From The Rotarian:
Mara Egherman, a college librarian, was sitting at her desk when she saw an email pop up: Ryan Ahmad, a Muslim exchange student in Iowa from the Philippines, needed a place to stay. There had been trouble at his school, and he’d been beaten up by a fellow exchange student.
Egherman flashed back to her 16-year-old self, alone in a foreign country. “I knew I had to take this kid in,” she says. As a high school student, Egherman had applied for an exchange program in South Africa. But after arriving in Johannesburg in 1982, she discovered that her host family had racial notions that dovetailed with those of the apartheid regime. Egherman was forbidden from speaking to the help. The family considered Nelson Mandela (then still in prison) a terrorist. And they kept a cache of weapons in a closet for protection. For a teenager from the Midwest, this was disorienting – and eye-opening.
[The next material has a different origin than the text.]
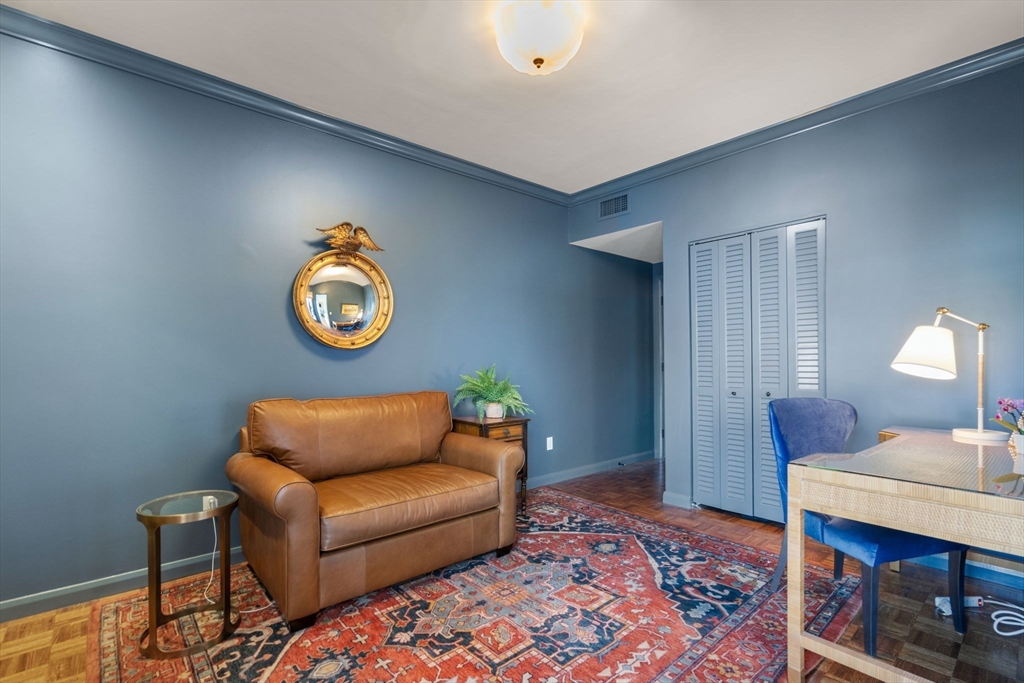 75 Grove Street # 429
Egherman saw people being treated in ways she’d never imagined.
Yet at school, she made lifelong friends, one of whom invited her home for the last few months of her exchange. Egherman’s new family couldn’t have been more different, with three sisters and lots of laughter. Because that friend reached out to Egherman, her exchange experience was a positive one. She came home a changed person, with an enhanced ability to imagine the lives of people in other places. That was the whole reason she’d signed up to go abroad.